[Saved data entries]
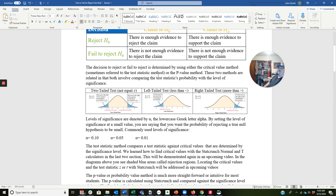We saw this from the previous video: we could have a two-tailed test — equal to, not equal to — we can have a left-tailed test, which is less than, or we could have a right-tailed test, which is greater than. Remember, the direction of the test — two-tailed, left-tailed, right-tailed — is dependent on the alternative hypothesis, not the null hypothesis.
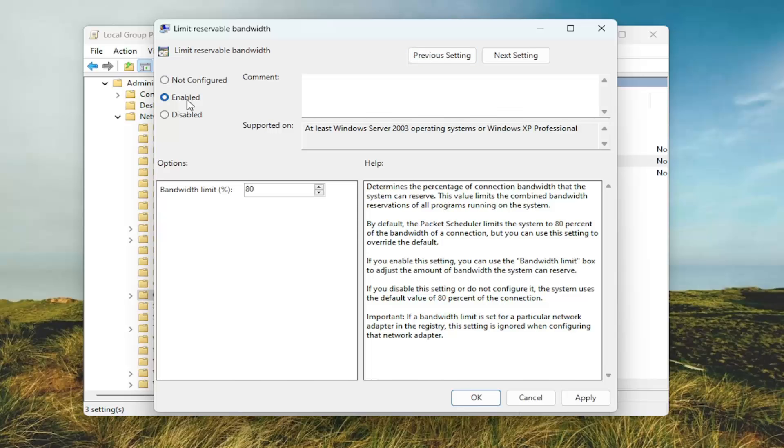You can enable this and you can limit it up to 80%. You can also lower it as well. Like it says over here on the right information panel, by default the Packet Scheduler limits the system to 80% of the bandwidth of a connection but you can use the setting to override the default.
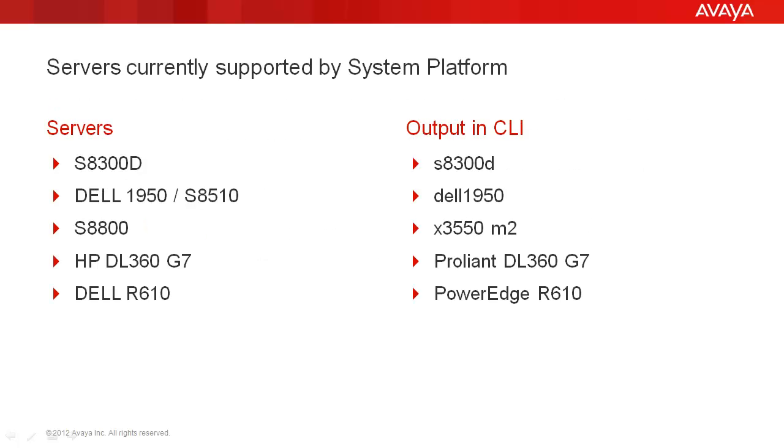These servers are currently supported by system platform. On the left are the servers; on the right is the output in CLI when we run the remote ID command: the S8300D, the S8510, the S8800, the HP DL360 G7, and the Dell R610. Some applications refer to the S8510 as a Dell 1950.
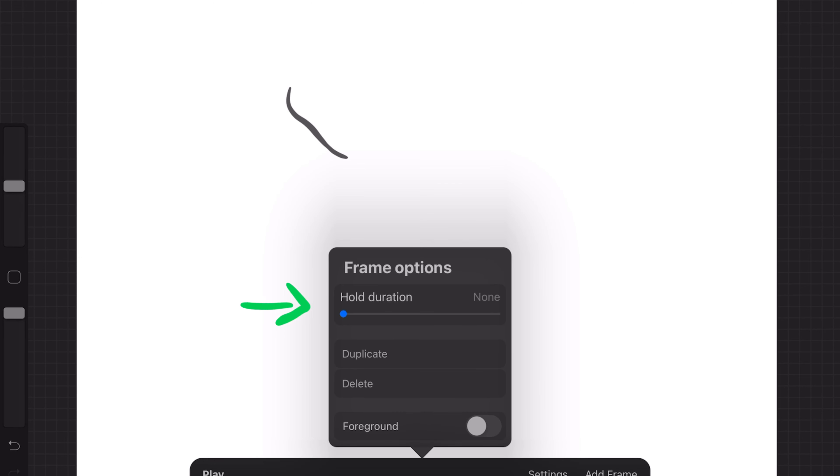Then you can just add a little bit more and then change the hold duration if you want it to hold it for more frames.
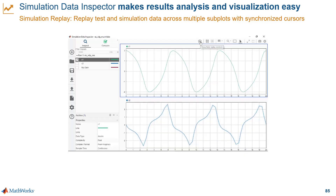Simulation Data Inspector also helps you replay simulation and test data without rerunning the actual simulations. The value of this is that you can speed up or slow down that data replay to inspect your simulation behavior more closely.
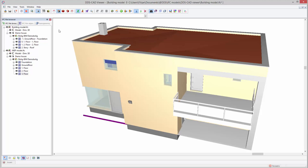In this video, we will show you how to make use of the clash detection features in your DDS-CAT Viewer. First, make sure you have an IFC file opened.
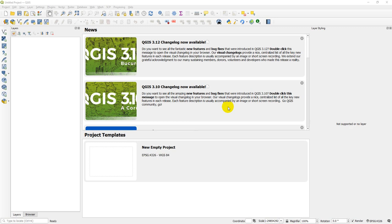Hey folks, welcome to the Python QGIS tutorial, also known as PyQGIS. If you didn't know this, you can write Python code in QGIS to automate a ton of different workflows and processes. This tutorial is going to get a start on it — there's a lot to cover. If you're interested in more step-by-step guidance, I have a full course on this on geospatialschool.com, linked below in the description. But for now, let's get started on the basics of QGIS with Python.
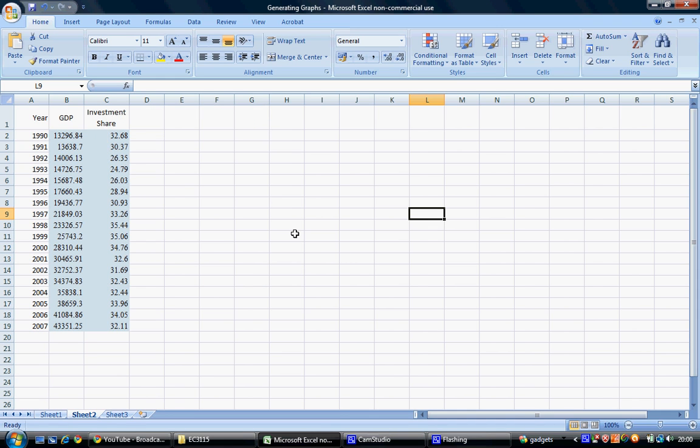This tutorial shows students how to generate a line graph displaying two variables on the same graph. We'll also show how to use two alternative y-axes, one on the left-hand side and one on the right-hand side of the graph.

* _Work instructions_
Only the lines from the one with "These servers are" through the final line of the entries above should be transcribed, exactly and without pictures.

* _Answer for this exercise_
These servers are currently supported by system platform. On the left are the servers; on the right is the output in CLI when we run the remote ID command: the S8300D, the S8510, the S8800, the HP DL360 G7, and the Dell R610. Some applications refer to the S8510 as a Dell 1950.
Then you can just add a little bit more and then change the hold duration if you want it to hold it for more frames.
Simulation Data Inspector also helps you replay simulation and test data without rerunning the actual simulations. The value of this is that you can speed up or slow down that data replay to inspect your simulation behavior more closely.
In this video, we will show you how to make use of the clash detection features in your DDS-CAT Viewer. First, make sure you have an IFC file opened.
Hey folks, welcome to the Python QGIS tutorial, also known as PyQGIS. If you didn't know this, you can write Python code in QGIS to automate a ton of different workflows and processes. This tutorial is going to get a start on it — there's a lot to cover. If you're interested in more step-by-step guidance, I have a full course on this on geospatialschool.com, linked below in the description. But for now, let's get started on the basics of QGIS with Python.
This tutorial shows students how to generate a line graph displaying two variables on the same graph. We'll also show how to use two alternative y-axes, one on the left-hand side and one on the right-hand side of the graph.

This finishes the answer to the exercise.